----- Material supplied -----

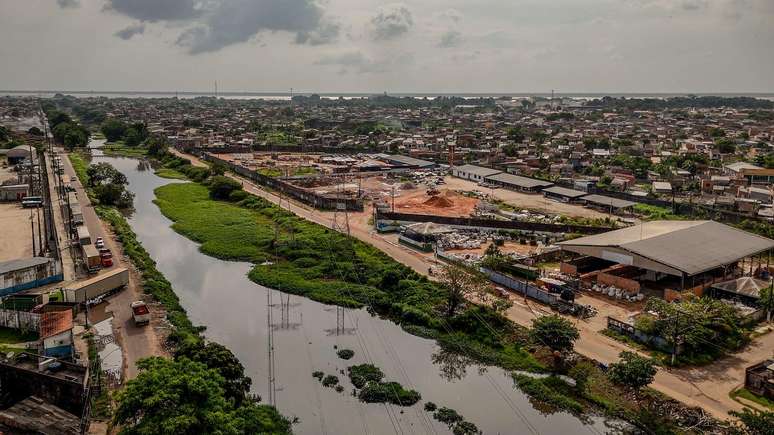 Moradores do Barreiro seguem na expectativa de obras no canal que corta o bairro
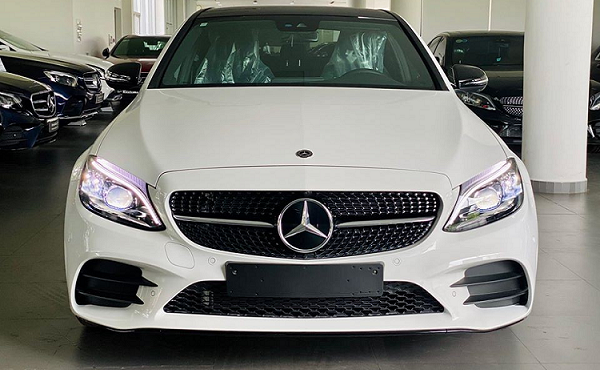 Mercedes-Benz C300 thêm Panorama, tăng giá thêm 10 triệu đồng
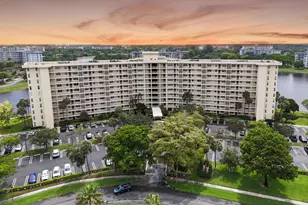 3095 N Course Dr, Pompano Beach, FL 33069 - Photo 38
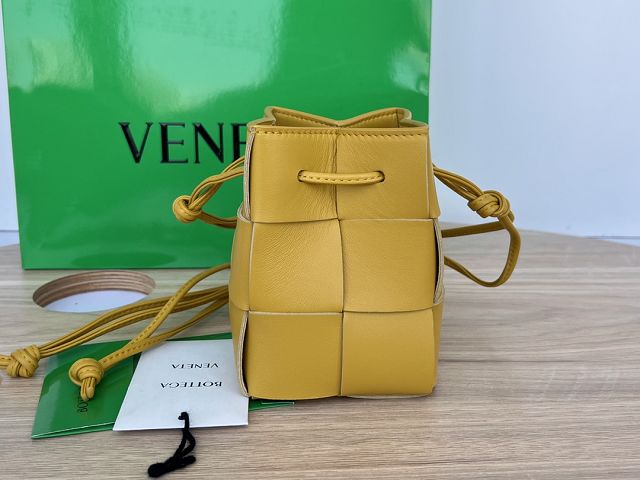 BV original lambskin cassette small bucket bag 680217 pollen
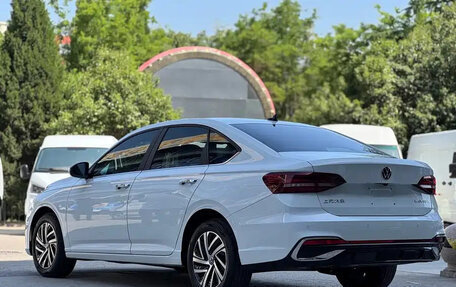 Volkswagen Lavida, 2024 год, 1 200 000 рублей, 4 фотография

-----

• _To do_
Word for word, write out the whole listing, keeping none of the pictures.

• _Exercise output_
 Moradores do Barreiro seguem na expectativa de obras no canal que corta o bairro
 Mercedes-Benz C300 thêm Panorama, tăng giá thêm 10 triệu đồng
 3095 N Course Dr, Pompano Beach, FL 33069 - Photo 38
 BV original lambskin cassette small bucket bag 680217 pollen
 Volkswagen Lavida, 2024 год, 1 200 000 рублей, 4 фотография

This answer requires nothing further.